It's a lovely dinner (I started with a carrot and coriander soup - one of my favorites and not something you ever see here in the USA) and a fascinating conversation - these women have all been friends through school, so all of them remember the rock gospel band with which I toured and that became part of the focus of the conversation - remembering what it felt like to be 13 and excited about an American showing up to stay in your home, excited to be at a concert and see your houseguest performing. One of the women, when asked by her son why she was more than usually excited over a Thursday night dinner and she answered, "I'm having dinner with a rock'n'roll star!" You just never know how other people see you, especially from a distance - so while I'm uncomfortable with the description of myself as a "rock'n'roll star" I'm also flattered that I ever appeared to be one, even to that small community - amazing. Fun night, bright clever women sharing their lives with me - it was delightful.
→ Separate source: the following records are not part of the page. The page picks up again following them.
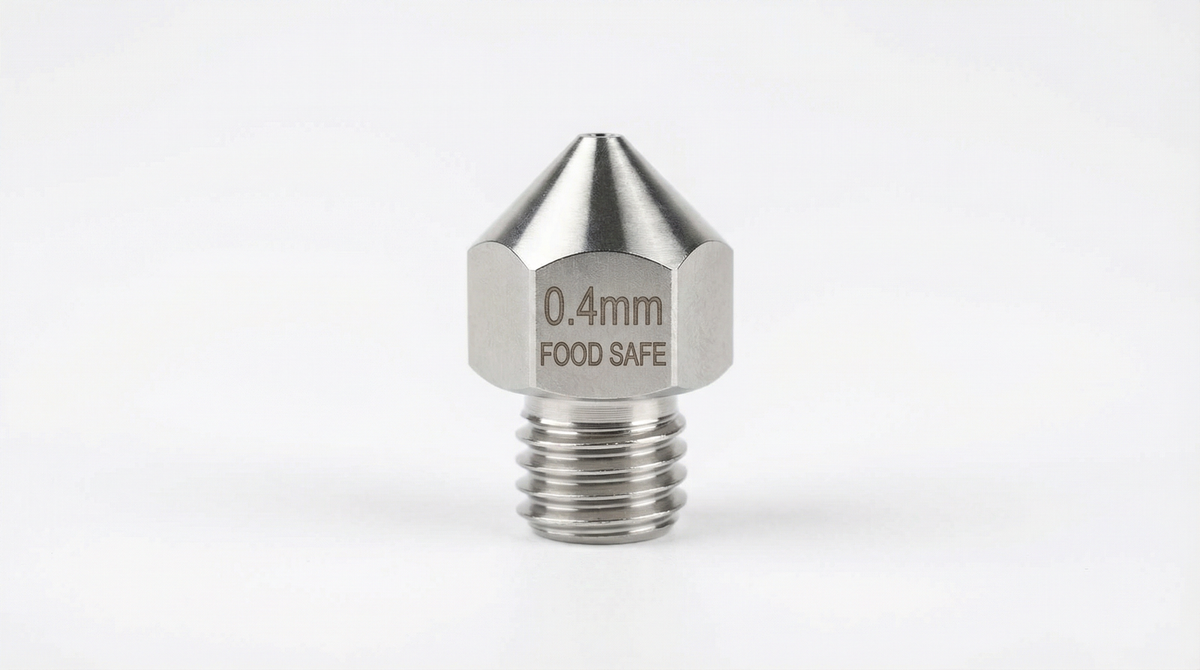 Stainless steel 3D printer nozzle for food safe printing. Brass nozzles may contain lead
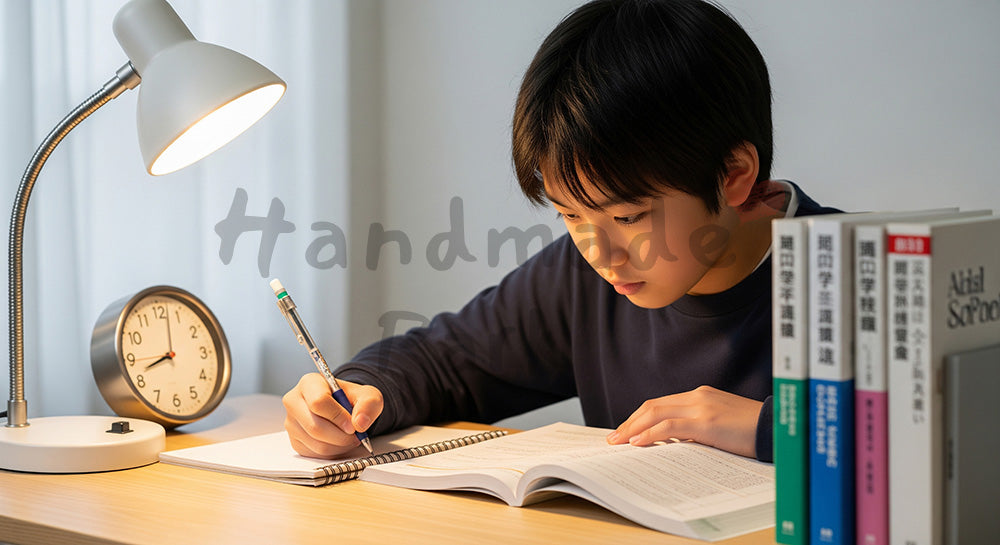 フリー素材 無料 写真｜自室のデスクで受験勉強に集中する日本人中学生の学習シーン（表現2）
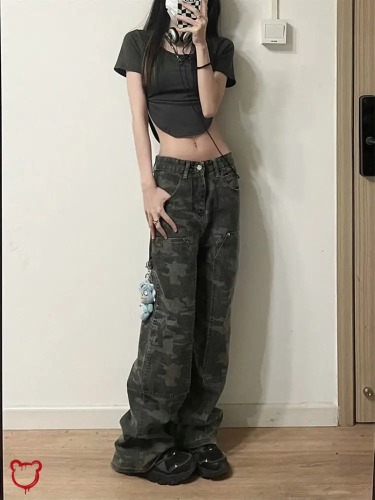 'Hunted' Harajuku Green Cargo Pants - Pic / S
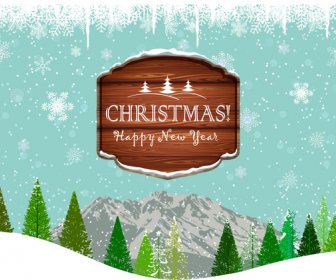 Christmas Frame On Landscape Background With Tree And Mountain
Friday we have a bunch of errands to run - Colin realizes that he has to have the MOT run on his car before the end of the month, so we drive in to Gravesend and leave it with their mechanic, quite near the port (a part of town I never visited before!) and then we drive out to Bec's where all the family is getting together for lunch (except Daniel and Gary, the two son-in-laws; they're both working - poor fellows!) and we are busy eating lasagne and salad and drinking wine; the kids pile into an above-ground swimming pool in the back yard and a grand time is had by all. But *now* it's time to drive in to Rochester to pick up my rental car, drive back to Gravesend and pick up Colin's car from the mechanic. Turns out the computer-directions to the car hire location are *completely wrong* but, thank God (literally) we found the place anyway and I wind up behind the wheel of a Vauxhall Vectra. It's a *very* nice car, but larger than I would like. I follow Marjorie back through Gravesend to drop off Colin, then back through Meopham to their little community. We have a nice quiet supper and then drive back up to Bec and Daniel's so that I can have a little time with him, not having seen him since he rescued me at the airport Tuesday night! Finally we're back at C&M's and I pack up my bags, anticipating my early-morning departure for Gatwick airport.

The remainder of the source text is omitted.